Originally published July 1, 2016 and some revised info appears in the text.
First of all, I’d like to thank Sister Gloriamarie (knitternun) both for inspiring this post and for her support of the Facebook page I’ve created that offers help and hope to those often overlooked in a mental/emotional health context, including veterans’ family members.
One of the things that many unfortunately have to cope with is people being unwilling to fully acknowledge their loved one’s brokeness, or acting as though this is the case. In their eyes, acting like their loved one’s fragility never existed absolves them of being part of a poor support system.
I’ll be blunt: Mentally/emotionally ill loved ones are not monsters, most are good people at heart who are having difficulty overcoming their personal demons. Many with PTSD have symptoms significantly aggravated by their choices, and people in their lives often do little or nothing to help him.
As Gloriamarie said, the symptoms of PTSD are a siren call for help. Like sailors of old myths and legends, many people who ignore said siren call have to witness or be part of a shipwreck – in this case, the shipwreck of a life ruined by mental illness and/or alcohol abuse.
There are many reasons people ignore siren calls, one of them being pure and simple denial. It’s easier to believe that someone you love just “enjoys a few beers” and that their behavior is essentially harmless than believe they can cause some to fear their safety.
For some, it’s easier to think that the more outrageous behaviors are something to laugh at. After all, how many people want to believe that behavior that horribly embarrasses one family member is anything other than said family member being overly sensitive?
Unfortunately, for others, it’s easier to think that those who had to deal with a veteran who refused serious help were making things up or exaggerating. I think it’s all part of the denial game, assigning the blame to others instead of facing the fact that their loved one needs help.
Hindsight is better than foresight by a long shot. It’s impossible to know whether a marriage may have been salvaged or whether a parent may have mended a relationship with a child they alienated.
However, we can, to a certain extent, control what happens going forward. The best way to build a bridge between yourself and others harmed by the same person – stop making frikkin’ excuses!
Don’t minimize the significance of hurtful, hateful, relationship-destroying words – recognize that words cannot be unsaid, and the wounds may not fully heal.

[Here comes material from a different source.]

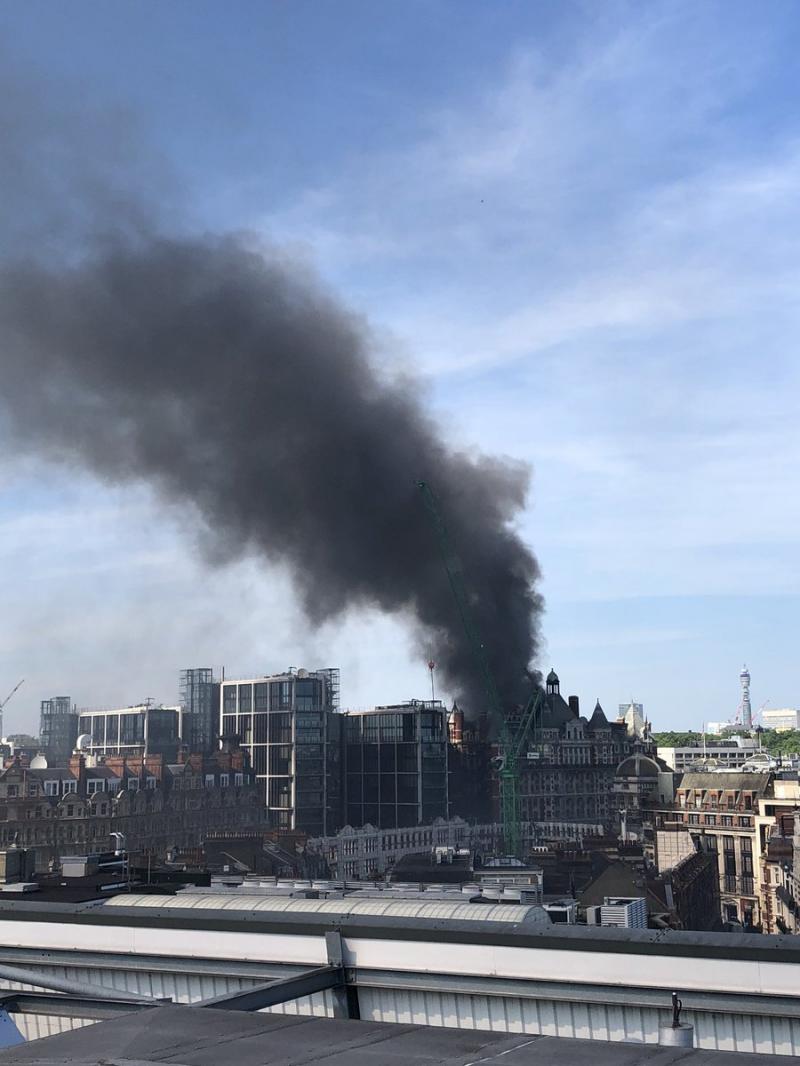 Incendiu devastator într-un cartier de lux din Londra. Cincisprezece vehicule şi aproape 100 de pompieri au ajuns la fața locului (FOTO)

Never, ever, treat drunken or other substance-driven antics as though they’re a joke – such behavior can impact others in the person’s life in harmful, emotionally painful ways.
Lastly, don’t put your head in the sand and ignore a person in your life that is crying for help by their actions. Recognize that sometimes they won’t allow their spouse or children in too deeply emotionally – it may fall on those in their lives prior to marriage or children to have influence in their recovery.
If it’s now too late, don’t dishonor your loved one’s memory by making excuses, making light of others’ suffering, or refusing to acknowledge their brokenness. Do honor their memory by showing love, mercy, and compassion to those they hurt the most in their lives – don’t turn your backs on them, you do need each other, even if you can’t yet see it.